# otp.CSV

### *class* CSV(filepath_or_buffer=None, timestamp_name='Time', first_line_is_title=True, names=None, dtype=None, converters=None, order_ticks=False, drop_index=True, change_date_to=None, auto_increase_timestamps=True, db='LOCAL', field_delimiter=',', handle_escaped_chars=False, quote_char='"', timestamp_format=None, file_contents=None, \*\*kwargs)

Bases:

Construct source based on CSV file.

There are several steps determining column types.
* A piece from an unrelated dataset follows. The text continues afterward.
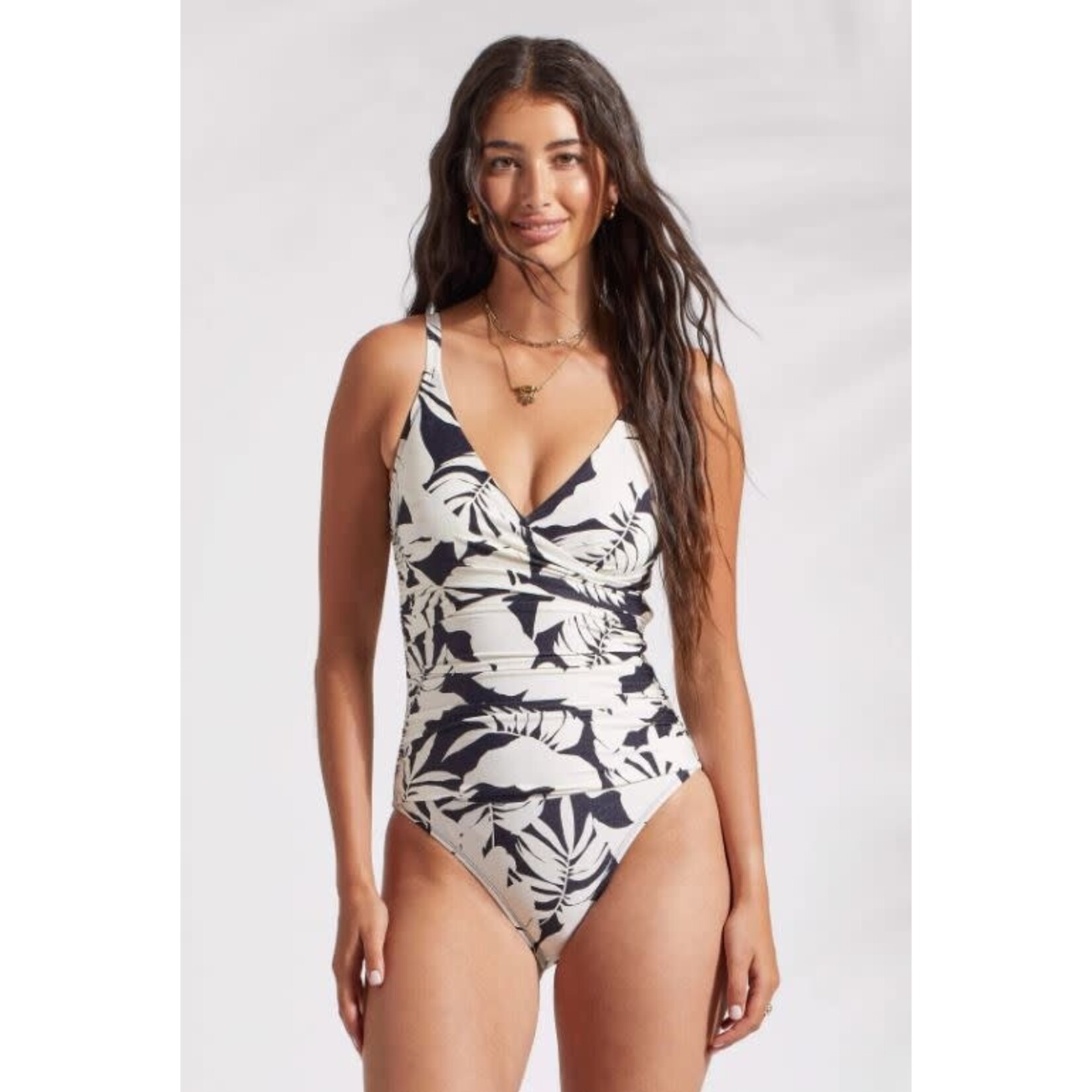 Tribal Flatten It Wrap One Piece Swimsuit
1. Initially, all column treated as `str`.
2. If column name in CSV title have format `type COLUMNNAME`,
   it will change type from `str` to specified type.
3. All column type are determined automatically from its data.
4. You could override determined types in `dtype` argument explicitly.
5. `converters` argument is applied after `dtype` and could also change column type.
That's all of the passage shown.